With the widespread use of the Internet, and rapid technological advancements in big data, the amount of data in all parts of modern life such as finance, trade, health, and science has been increasing exponentially (Khan et al., 2014). Nowadays, the amount of data created in a single day is estimated to be around 2.5 quintillion bytes (Petrov, 2019). The data created in the last two years alone exceeds 90% of entire data available in the world today. According to the DOMO report (“Data never sleeps,” 2018), “By 2020, it’s estimated that 1.7MB of data will be created every second for every person on earth.”
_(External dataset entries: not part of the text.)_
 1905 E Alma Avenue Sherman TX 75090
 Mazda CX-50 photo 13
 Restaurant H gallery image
Technological advancements have transformed how individuals access to information in recent decades. Now, data are being collected from variety of resources. Mobile phones, wearable technologies, and other smart devices have become essential part of daily life (Çiçek, 2015). Data are plentiful and made easily accessible. More than 80 percent of data are gathered from unstructured data from the web such as posts on social media sites, digital images, videos, news feeds, journals, blogs (“The most plentiful,” 2016).
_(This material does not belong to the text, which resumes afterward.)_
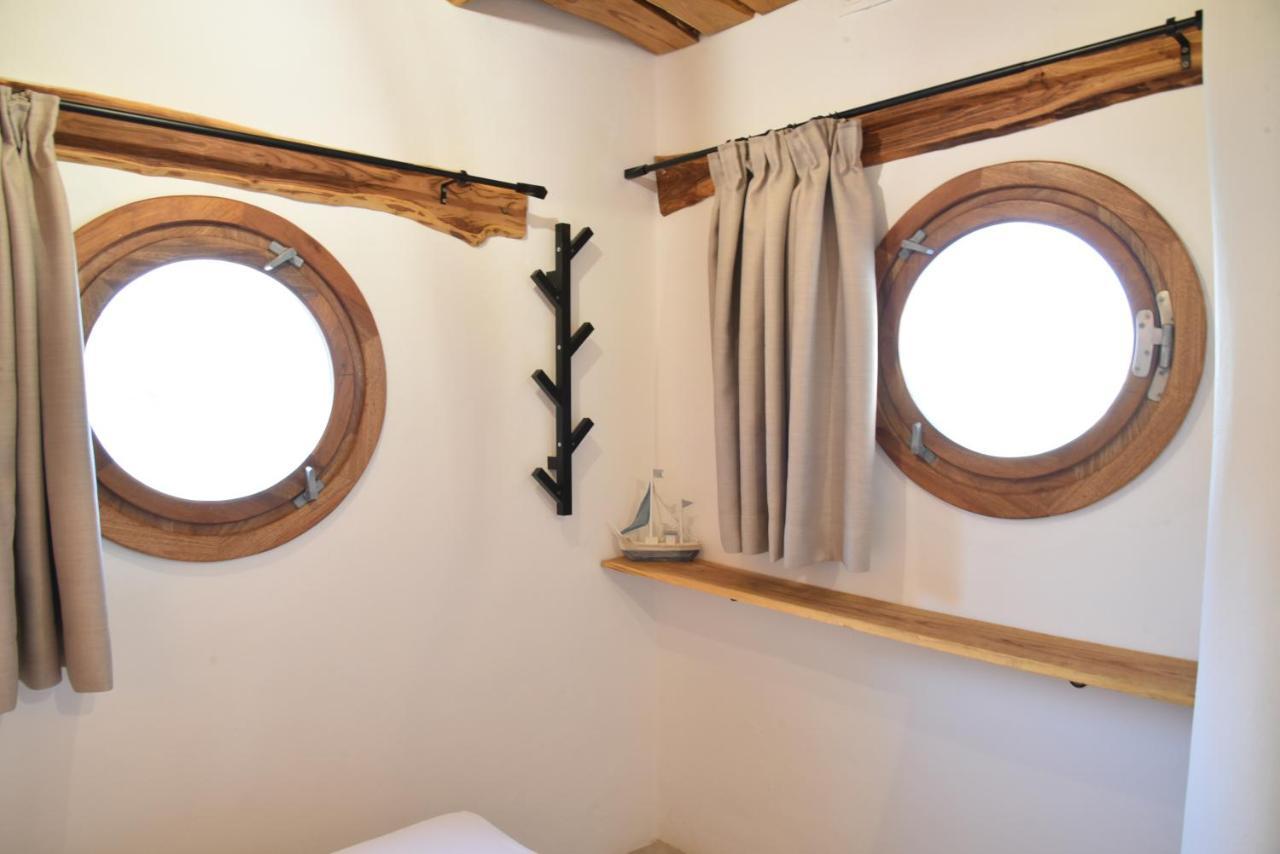 Hada Seaside Apartment Firopotamos ภายนอก รูปภาพ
As a result, the software systems have been evolving over the decades to adapt the technological changes. Large scale software solutions require more complex system architectures nowadays. Monolithic systems and von Neuman architecture have served their purposes for a long time. Currently, the complex nature of enterprise software solutions demands scalable data abstraction for distributed systems (Gorton & Klein, 2014) and necessitates moving beyond von Neuman architecture.

From early days of Remote Procedure Calls (RPC) (Birrell & Nelson, 1984) in 1980s to Simple Object Access Protocol (SOAP) (Box et al., 2000) and Representational State Transfer (REST)(Fielding, 2000) over HTTP in early 2000s, the distributed technologies have evolved rapidly (“Beyond buzzwords,” 2018). These technological advances heavily influenced the development of software systems that communicate over network in a distributed environment and led to wider industry adoption. Moving forward a few years, the progress in Cloud computing, virtualization and containerization technologies has provided infrastructure support for large scale distributed software systems. Concurrently, emergence of big data technologies such as Hadoop (Borthakur, 2007; White, 2012) and Spark (Zaharia, Chowdhury, Franklin, Shenker, & Stoica, 2010) enabled processing massive amount of data over distributed hardware over the cloud. These technologies facilitated breaking large software systems into smaller software components that serve for a single functionality over distributed hardware.
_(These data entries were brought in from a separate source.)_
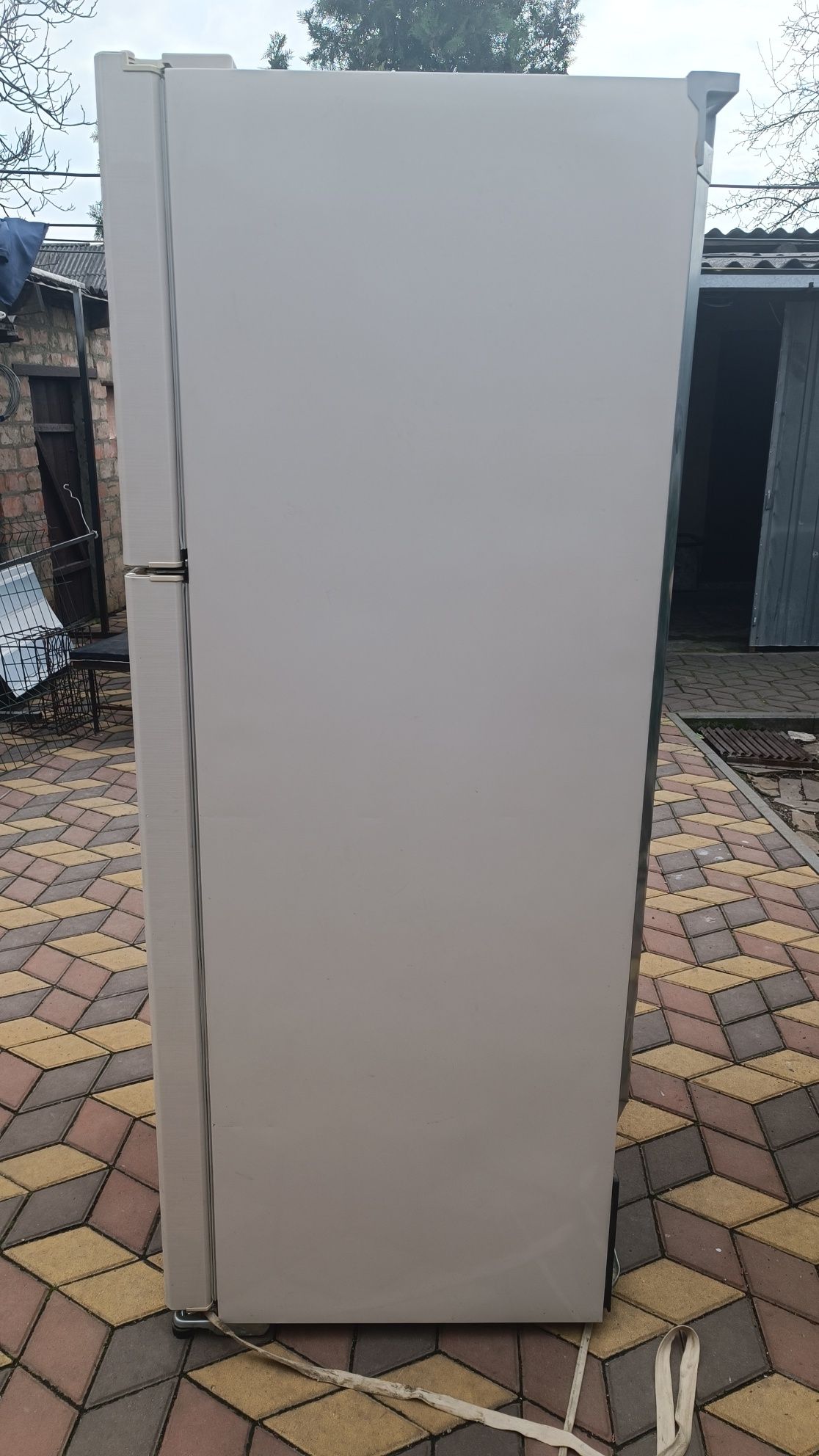 Холодильник великий Sharp SJ-GC 680v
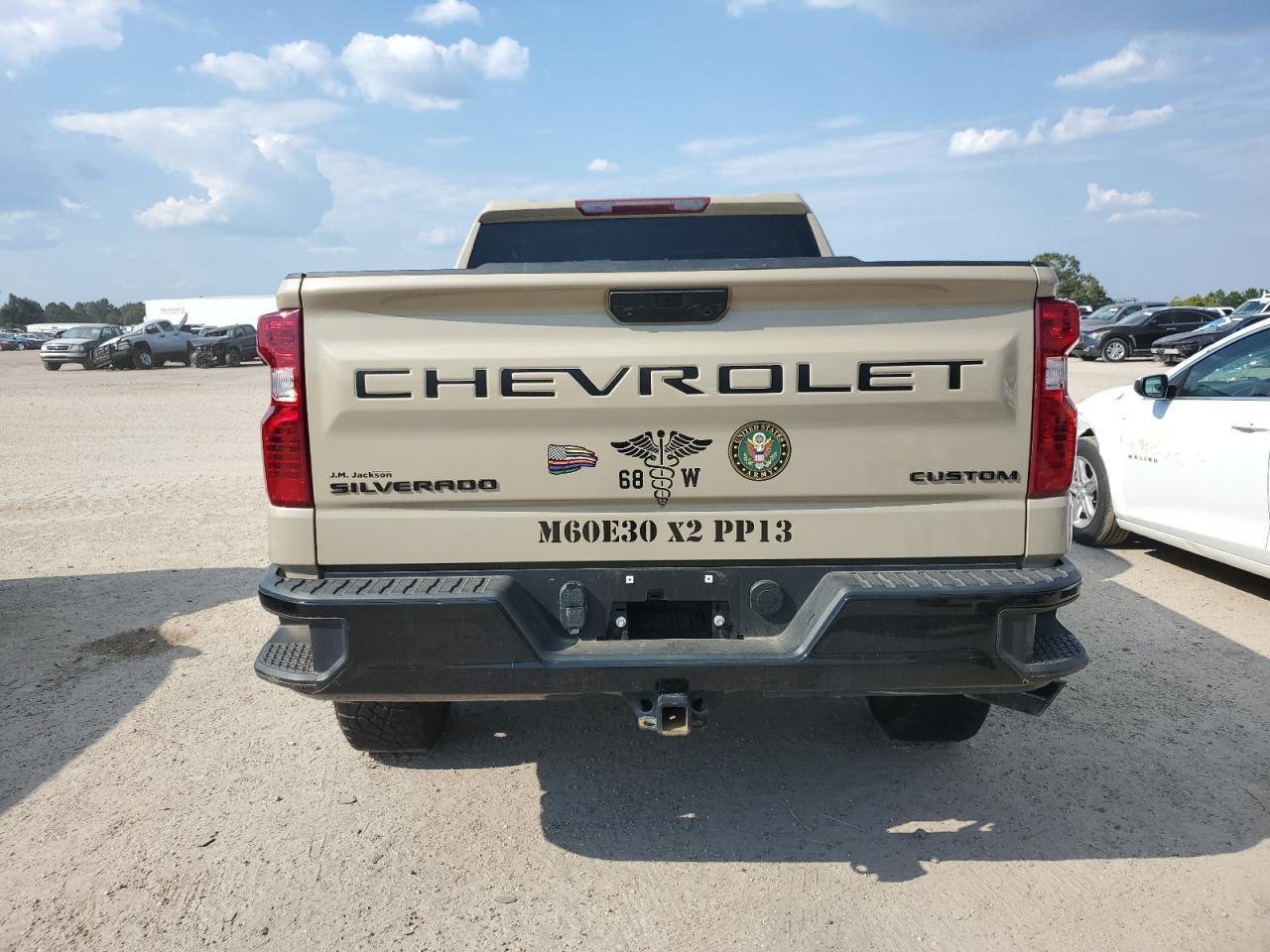 2023 Chevrolet Silverado K1500 Trail Boss Custom - Фото 6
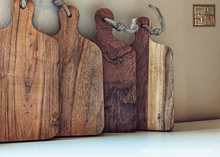 Load image into Gallery viewer, NATURAL WOOD CUTTING BOARD - RECTANGLE SHAPE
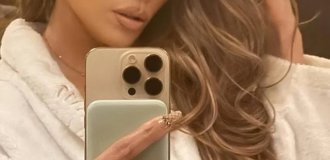 Дженнифер Лопес отметила 56-летие (4 фото + 6 видео)
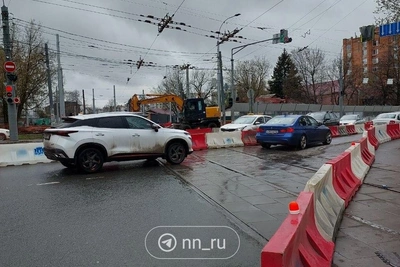 Ограничения на перекрёстке Ванеева и Сусловой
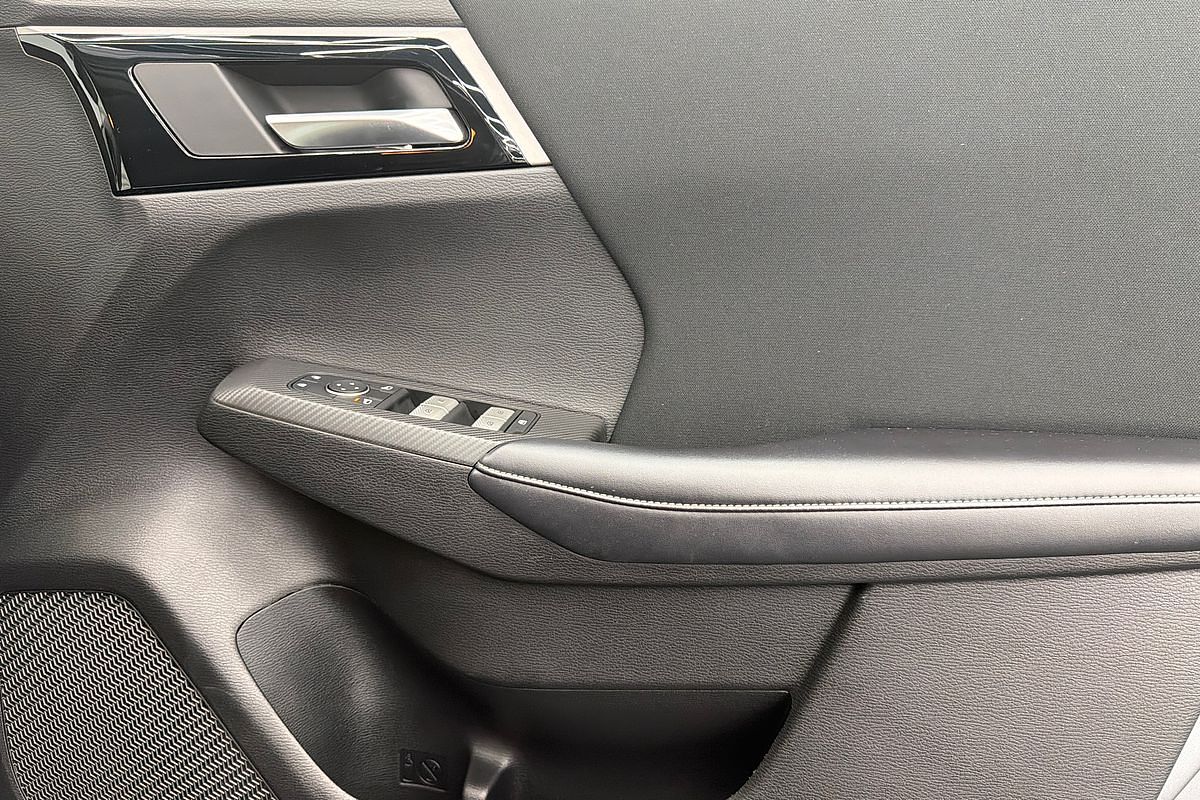 2022 Mitsubishi Outlander ES ZM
In the traditional monolithic systems, all components of software application are tightly-coupled, self-contained and composed into one unit. A major drawback of monolithic architecture is that all components of entire system must be compiled and deployed even when a simple update occurs in application logic (Fazio et al., 2016). Since entire code base must be regression tested, it hinders the stability of the system. Additionally, the costs of testing and deployment are high (Singleton, 2016). Thus, the code releases usually occur less frequently. The time from development to production is often very long. Monolithic architectures can satisfy the needs of the small to medium-sized systems. However, this pattern is not a well-suited solution for large scale software systems as they require frequent code releases for bug fixes, modifications, new features. Even successful small scale applications tend to grow rapidly over time. In such cases, small scale monolith applications can quickly become overwhelmingly large in size. Thus, management and maintenance can be extremely difficult as monolithic systems get more and more complex (Chen, Li, & Li, 2017). Consequently, the risks of monolithic system deployment may lead to delays in continued development of new features and fixing bugs.